Running " hdfs fsck / " shows no corrupt blocks and system is healthy.
Running "hdfs dfsadmin-report" shows 2 corrupt replicas (same as Ambari dashboard)
I've restarted Ambari metrics & Ambari Agents on all nodes + Ambari-server as noted in one of the threads i came across but still - problem remains.
Ambari is 2.5.2
Any ideas how to fix this issue ?
Thanks
Adi
Created 06-03-2018 06:41 PM
Below is the procedure to remove the corrupt blocks or files
Locate the files have blocks that are corrupt.
$ hdfs fsck / | egrep -v '^\.+
or
$ hdfs fsck hdfs://ip.or.host:50070/ | egrep -v '^\.+
/path/to/filename.file_extension: CORRUPT blockpool BP-1016133662-10.29.100.41-1415825958975 block blk_1073904305 /path/to/filename.file_extension: MISSING 1 blocks of total size 15620361 B
$ hdfs dfs -rm /path/to/filename.file_extension
$ hdfs dfs -rm -skipTrash /path/to/filename.file_extension
$ hdfs fsck /path/to/filename/file_extension -locations -blocks -files
$ hdfs fsck hdfs://ip.or.hostname.of.namenode:50070/path/to/filename/file_extension -locations -blocks -files
Created 06-04-2018 05:34 AM
Thank you @Geoffrey Shelton Okot
However the fsck shows no corrupt blocks. The problem is with corrupt replicas.

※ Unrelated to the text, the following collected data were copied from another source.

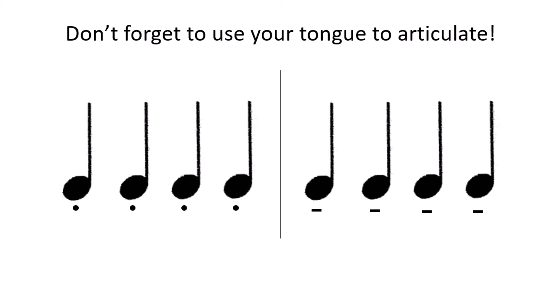Did you hear the difference? Now it's your turn. You can use any note of your choice. Ready? One, two, three, four.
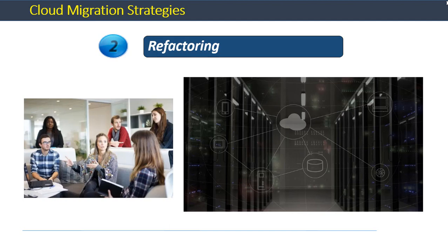So, even though the cost and effort required for this migration can be quite high, in the long run this approach can be efficient and cost effective because the application is re-engineered to make use of the cloud native features.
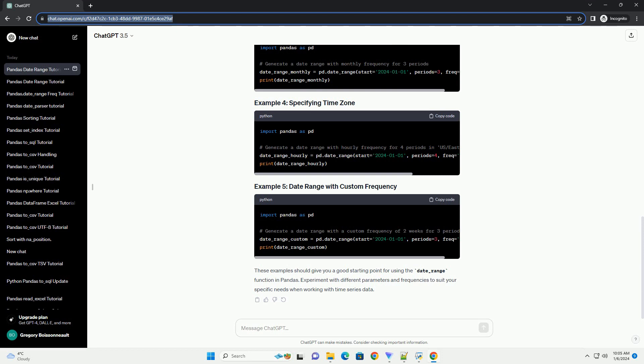This example generates a monthly date range starting from January 1, 2024, with a total of five periods. This example generates a daily date range with the UTC time zone.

That said - after alert disappeared ...
Not sure if to be glad or suspicious 🙂
Adi
Created 06-02-2023 04:22 PM
This response is NOT to fix "files with corrupt replicas" but to find and fix files that are completely corrupt, that is that there are not good replicas to recover the files.
The warning of files with corrupt replicas is when the file has at least one replica which is corrupt, but the file can still be recovered from the remaining replicas.
In this case
hdfs fsck /path ...
will not show these files because it considere these healty.
These files and the corrupted replicas are only reported by the command
hdfs dfsadmin -report
and as far as I known there is no direct command to fix this. Only way I have found I to wait for the Hadoop cluster to health itself by reallocating the bad replicas from the good ones.